Sebagai ideologi suatu bangsa yang menjadi pandangan dan pegangan hidup masyarakatnya, Pancasila haruslah bersifat universal mencakup segala macam nilai-nilai sosial dan budaya Indonesia serta menjadi orientasi dalam hidup oleh seluruh masyarakatnya. Sebagai ideologi bangsa, maka keberadaannya  selalu diimplementasikan ke dalam perilaku kehidupan dalam rangka berbangsa, bernegara dan bermasyarakat. Kalau dikaji dari butir-butir kelima sila dalam ideologi Pancasila tersebut, sebenarnya sudah mencakup gambaran pembentukan karakter manusia Indonesia yang ideal, sebagai mana yang diharapkan para penggali dari pancasila itu sendiri. Gambaran pembentukan manusia Indonesia seutuhnya itu, dapat diilustrasikan  Pada sila pertama tersirat bagaimana manusia Indonesia berhubungan dengan Tuhannya atau kepercayaannya. Pada sila kedua tergambar bagaimana manusia Indonesia harus bersikap hidup dengan orang lain sebagaimana layaknya manusia yang punya pikiran dan ahklak hingga dia bisa bersikap sebagai mahkluk yang tertinggi dibandingkan dengan mahkluk lainnya yaitu binatang. Sila ketiga menerangkan bagaimana manusia Indonesia menciptakan suatu pandangan betapa pentingnya arti persatuan dan kesatuan bangsa dari pada bercerai berai seperti pada pepatah bersatu kita teguh dan bercerai kita runtuh.  Sila keempat telah menegaskan bagaimana manusia Indonesia mengimplementasikan cara bersikap dan berpendapat serta memutuskan sesuatu menyangkut kepentingan umum secara bijak demi kelangsungan kehidupan berdemokrasi yang  terlindungi antara menyuarakan hak dan kewajibannya berimbang dalam mengimplementasikannya.   Pada sila kelima dijabarkan bagaimana manusia Indonesia mewujudkan suatu keadilan dan kemakmuran bagi seluruh masyarakat Indonesia itu sendiri. Dari penjabaran kelima sila tersebut di atas, maka sudah sepantasnya bahwa Pancasila beserta kelima silanya itu layak dijadikan sebagai pandangan dan pegangan hidup serta dijadikan sebagai pembimbing dalam menciptakan kerangka berpikir untuk menjalankan demokrasi dan diimplementasikan dalam segala macam praktik kehidupan menyangkut berbangsa, bernegara dan bermasyarakat di dalam Negara kesatuan Republik Indonesia tercinta ini.

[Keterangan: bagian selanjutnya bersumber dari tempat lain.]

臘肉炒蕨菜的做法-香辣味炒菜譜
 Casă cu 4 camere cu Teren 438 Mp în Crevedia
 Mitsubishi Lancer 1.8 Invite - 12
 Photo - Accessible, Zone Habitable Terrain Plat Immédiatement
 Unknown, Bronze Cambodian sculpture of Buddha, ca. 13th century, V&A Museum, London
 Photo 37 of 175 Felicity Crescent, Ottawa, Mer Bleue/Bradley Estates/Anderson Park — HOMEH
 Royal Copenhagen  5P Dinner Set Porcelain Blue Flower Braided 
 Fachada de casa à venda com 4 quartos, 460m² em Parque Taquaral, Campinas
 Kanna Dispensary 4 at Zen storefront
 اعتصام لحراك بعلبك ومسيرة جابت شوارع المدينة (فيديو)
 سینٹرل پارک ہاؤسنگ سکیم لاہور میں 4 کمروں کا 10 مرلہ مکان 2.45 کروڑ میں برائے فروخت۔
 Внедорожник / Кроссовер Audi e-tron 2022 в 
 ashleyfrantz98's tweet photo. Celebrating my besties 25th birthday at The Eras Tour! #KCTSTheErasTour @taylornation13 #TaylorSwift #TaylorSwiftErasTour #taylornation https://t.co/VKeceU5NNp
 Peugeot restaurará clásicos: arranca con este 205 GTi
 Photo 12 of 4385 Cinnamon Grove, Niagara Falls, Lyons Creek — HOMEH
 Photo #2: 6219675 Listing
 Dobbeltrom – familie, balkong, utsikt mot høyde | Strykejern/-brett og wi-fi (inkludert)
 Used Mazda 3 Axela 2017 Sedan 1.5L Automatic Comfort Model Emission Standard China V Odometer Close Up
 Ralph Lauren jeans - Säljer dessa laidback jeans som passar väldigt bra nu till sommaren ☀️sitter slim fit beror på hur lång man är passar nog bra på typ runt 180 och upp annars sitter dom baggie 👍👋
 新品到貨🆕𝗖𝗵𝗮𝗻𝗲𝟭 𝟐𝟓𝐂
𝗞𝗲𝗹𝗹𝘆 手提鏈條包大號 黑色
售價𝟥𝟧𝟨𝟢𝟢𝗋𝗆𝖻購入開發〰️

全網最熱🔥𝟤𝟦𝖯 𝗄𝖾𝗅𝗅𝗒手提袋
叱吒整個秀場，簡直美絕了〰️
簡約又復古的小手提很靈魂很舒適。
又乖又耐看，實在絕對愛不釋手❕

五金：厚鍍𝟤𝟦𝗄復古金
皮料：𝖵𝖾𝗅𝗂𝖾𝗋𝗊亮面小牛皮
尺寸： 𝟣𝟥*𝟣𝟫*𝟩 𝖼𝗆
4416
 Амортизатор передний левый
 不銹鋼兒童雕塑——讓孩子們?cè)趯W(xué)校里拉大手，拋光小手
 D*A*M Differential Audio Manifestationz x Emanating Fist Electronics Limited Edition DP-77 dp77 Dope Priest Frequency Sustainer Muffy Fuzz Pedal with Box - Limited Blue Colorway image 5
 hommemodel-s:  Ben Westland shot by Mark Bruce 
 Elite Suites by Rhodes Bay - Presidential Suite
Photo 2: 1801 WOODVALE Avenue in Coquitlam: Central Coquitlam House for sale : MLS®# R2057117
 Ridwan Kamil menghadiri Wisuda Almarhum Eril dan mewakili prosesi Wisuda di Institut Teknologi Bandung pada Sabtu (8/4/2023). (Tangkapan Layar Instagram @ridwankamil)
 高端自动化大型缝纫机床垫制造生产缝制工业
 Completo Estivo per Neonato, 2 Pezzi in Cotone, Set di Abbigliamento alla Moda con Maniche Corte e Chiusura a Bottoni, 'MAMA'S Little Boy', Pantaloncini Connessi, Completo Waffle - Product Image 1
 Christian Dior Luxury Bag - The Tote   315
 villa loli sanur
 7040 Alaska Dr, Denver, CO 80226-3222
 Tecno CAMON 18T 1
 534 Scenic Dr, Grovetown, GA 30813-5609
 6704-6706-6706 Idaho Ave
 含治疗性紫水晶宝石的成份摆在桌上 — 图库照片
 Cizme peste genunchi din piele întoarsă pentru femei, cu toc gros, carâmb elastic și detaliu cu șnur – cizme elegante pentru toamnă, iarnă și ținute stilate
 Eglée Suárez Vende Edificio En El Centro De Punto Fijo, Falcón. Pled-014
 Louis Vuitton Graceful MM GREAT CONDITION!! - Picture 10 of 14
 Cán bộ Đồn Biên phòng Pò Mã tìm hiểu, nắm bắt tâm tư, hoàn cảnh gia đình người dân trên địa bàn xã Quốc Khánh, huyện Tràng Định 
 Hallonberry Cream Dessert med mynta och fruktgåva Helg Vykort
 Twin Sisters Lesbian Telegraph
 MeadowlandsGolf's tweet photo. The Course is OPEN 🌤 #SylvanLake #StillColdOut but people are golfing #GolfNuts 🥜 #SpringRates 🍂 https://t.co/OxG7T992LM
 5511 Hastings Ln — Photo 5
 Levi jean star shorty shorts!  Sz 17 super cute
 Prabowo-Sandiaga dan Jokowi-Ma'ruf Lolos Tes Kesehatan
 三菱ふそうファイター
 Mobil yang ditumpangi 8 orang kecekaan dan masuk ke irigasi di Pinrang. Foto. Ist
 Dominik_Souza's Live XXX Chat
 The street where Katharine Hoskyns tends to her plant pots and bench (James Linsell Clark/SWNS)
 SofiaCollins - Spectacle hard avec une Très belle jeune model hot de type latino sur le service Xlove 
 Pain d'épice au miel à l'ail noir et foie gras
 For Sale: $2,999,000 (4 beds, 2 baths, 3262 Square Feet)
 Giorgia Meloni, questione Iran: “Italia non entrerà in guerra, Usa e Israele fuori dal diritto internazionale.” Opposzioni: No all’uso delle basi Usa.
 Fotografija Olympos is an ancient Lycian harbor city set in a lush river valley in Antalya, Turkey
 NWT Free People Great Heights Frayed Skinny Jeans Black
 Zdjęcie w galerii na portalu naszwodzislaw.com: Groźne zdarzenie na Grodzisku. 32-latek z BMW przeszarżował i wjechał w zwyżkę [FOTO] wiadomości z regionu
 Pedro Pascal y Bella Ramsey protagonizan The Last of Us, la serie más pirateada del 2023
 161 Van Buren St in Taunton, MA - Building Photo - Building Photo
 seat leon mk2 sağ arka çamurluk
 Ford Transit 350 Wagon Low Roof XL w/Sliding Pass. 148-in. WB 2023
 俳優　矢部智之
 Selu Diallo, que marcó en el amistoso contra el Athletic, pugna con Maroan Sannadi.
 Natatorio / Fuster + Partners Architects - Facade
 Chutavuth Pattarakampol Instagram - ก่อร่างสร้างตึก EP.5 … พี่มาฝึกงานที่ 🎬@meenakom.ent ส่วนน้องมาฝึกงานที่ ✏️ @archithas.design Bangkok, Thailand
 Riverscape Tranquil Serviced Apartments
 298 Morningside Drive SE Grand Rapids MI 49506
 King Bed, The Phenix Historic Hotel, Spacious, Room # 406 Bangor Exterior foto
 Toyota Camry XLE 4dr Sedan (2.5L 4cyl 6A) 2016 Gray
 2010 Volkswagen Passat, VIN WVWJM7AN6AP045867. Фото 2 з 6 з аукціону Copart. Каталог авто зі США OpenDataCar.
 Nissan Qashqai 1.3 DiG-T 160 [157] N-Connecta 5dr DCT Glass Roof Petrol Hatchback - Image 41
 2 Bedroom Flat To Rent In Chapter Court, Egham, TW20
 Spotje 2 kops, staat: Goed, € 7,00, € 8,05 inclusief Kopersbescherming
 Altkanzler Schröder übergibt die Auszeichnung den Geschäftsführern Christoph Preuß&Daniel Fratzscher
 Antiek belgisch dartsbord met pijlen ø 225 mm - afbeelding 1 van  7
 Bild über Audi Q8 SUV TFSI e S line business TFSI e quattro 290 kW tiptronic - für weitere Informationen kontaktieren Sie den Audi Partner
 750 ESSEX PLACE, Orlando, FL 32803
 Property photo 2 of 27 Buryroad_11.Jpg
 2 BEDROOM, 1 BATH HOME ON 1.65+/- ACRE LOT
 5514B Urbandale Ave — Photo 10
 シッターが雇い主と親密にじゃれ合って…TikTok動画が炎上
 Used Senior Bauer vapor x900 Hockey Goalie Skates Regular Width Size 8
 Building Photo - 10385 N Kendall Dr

Ideologi Pancasila akan terus hidup dalam jiwa-jiwa masyarakat Indonesia dan akan  mengawal Negara Kesatuan Republik Indonesia dalam situasi dan kondisi apapun, Apabila dari setiap sila-sila yang ada pada Pancasila itu, dimaknai, dihayati secara benar dan mendalam serta diamalkan dalam perilaku segala hal menyangkut kehidupan berbangsa, bernegara dan bermasyarakat, bukan hanya sekedar penciptaan kata-kata tema atau slogan dalam formalitas kegiatan semata. Keterpurukan dari bangsa selama ini dikarenakan oleh suatu penyebab diantaranya sikap pemaknaan terhadap sila-sila yang ada pada Pancasila itu, diimplementasikan oleh insan negeri ini hanya sebatas setengah hati saja
”Ketika terjadi krisis tentang jatidiri bangsa, maka masyarakat tidak peduli lagi tentang ideologi bangsanya, karena dianggap tidak berpihak kepadanya dan mencoba mencari-cari ideologi lain termasuk memuja-muja bangsa lain dari berbagai aspek yang mereka pahami dan dengan serta merta caranya sendiri, mereka terapkan dalam kehidupan sehari-hari” (Naya Sujana, 2008).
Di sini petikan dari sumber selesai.